Losing My Religion

Like much of my family life, the religion of my childhood was far from normal.

I was raised in a religion based on faith healing. It rejects medicine, doctors, hospitals; bans alcohol, tobacco and drugs; and encourages an unhealthy level of self-righteousness.

My parents divorced when I was eleven and I divorced myself from that religion, beginning a twenty-five year spiral into alcoholism: a life of half measures and wanderlust, unfulfilled careers and relationships. But I never stopped believing in God. Now, through my journey to the home of self, I discover spirituality.

And a new purpose: caretaking. My 81-year-old mother is challenged by Alzheimer’s. She’s lost her entire sense of time and space but remains rigidly devout. As her primary caregiver, in an ironic twist of fate, I learn to respect this religion and accept her as she is.

Louie, Louie

When I was seven, my family adopted a dog. Part Setter and Saint Bernard, he was huge. We named him Jack. He was the sibling I never had.

Jack passed away a decade later, helping my mother through a divorce and the unexpected departure of a daughter. She never had another dog. Until Louie.

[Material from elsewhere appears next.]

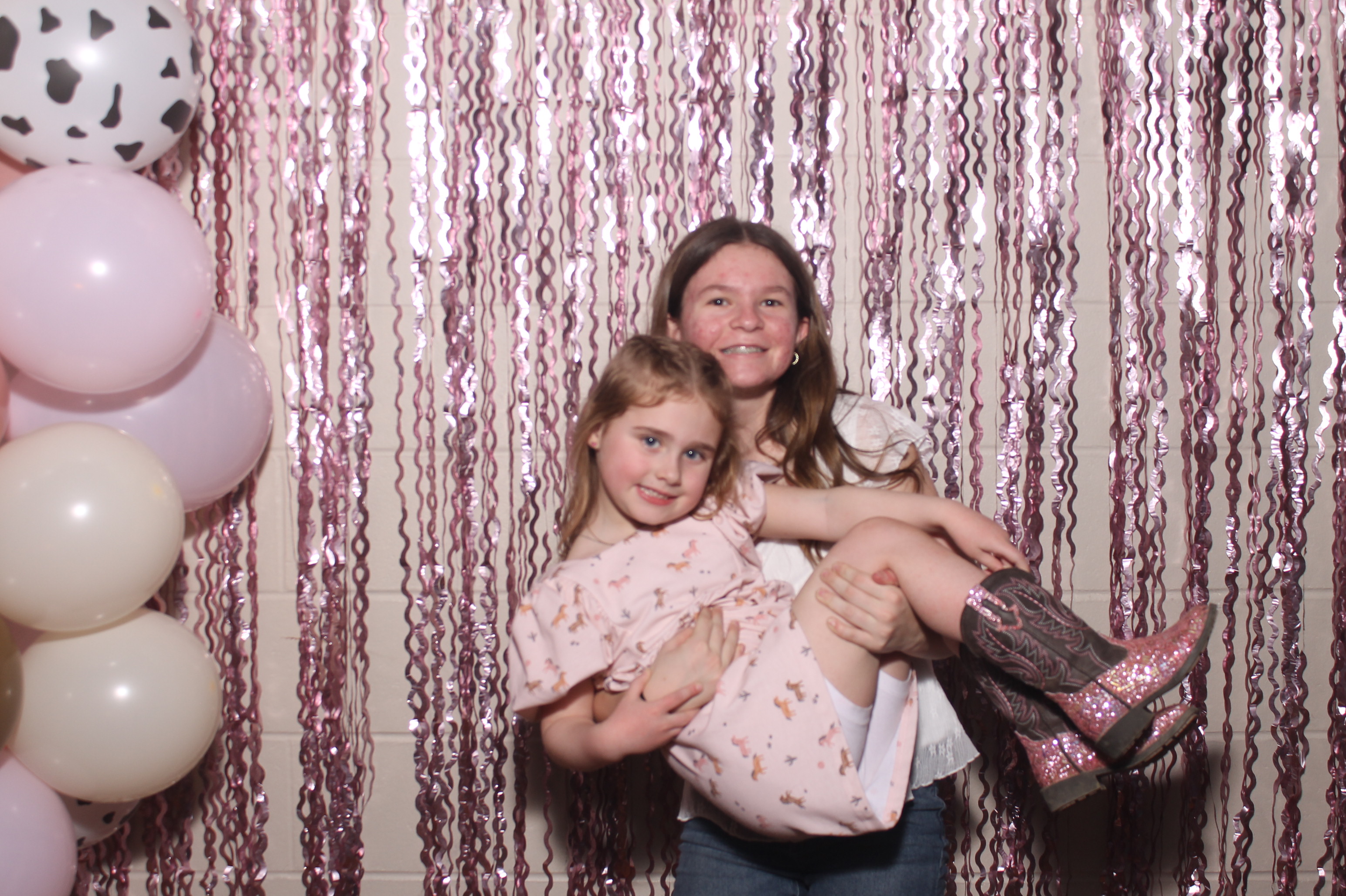 Queen of Peace Father Daughter Dance | View more photos from the event at gallery.photoboothcincy.com/u/PhotoBoothCincy/Queen-of-Peace-Father-Daughter-Dance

She inherited Louie, an elderly beagle, when her husband moved to a nursing home. But as her dementia became more serious, she couldn’t keep up with Louie’s needs.

Instead of dropping him at a shelter, I contacted the only beagle rescue in the state and within three days, Louie was adopted by a young couple with a hundred-acre farm. His new people greeted him excitedly, along with his new sister, another beagle.

Letting go of Louie was heartbreaking, a bittersweet reminder of that sly thief, Alzheimer’s.

Self-less

As caregiver to my parents, life has changed dramatically. Project deadlines and sales goals are a distant memory; estate planning and Alzheimer’s support groups now replace corporate jets and board meetings.

But my true purpose in caregiving goes beyond human boundaries.

Besides elderly parents, I take care of old houses, maintaining my mother’s 150-year-old farmhouse, winterizing my father’s island cottage. I volunteer as a trail steward, patrolling and caring for two-hundred-plus miles of local trails.

And through volunteer work at an animal shelter, I care for homeless pets. From that, springs an unexpected petsitting side job. Caring for my own elderly dog, who passed last year at age fourteen, gives me experience in pet hospice care. Animal welfare articles I write encourage animal advocacy.

Taking care of people, places and pets: with this simple message, the essence of humility emerges.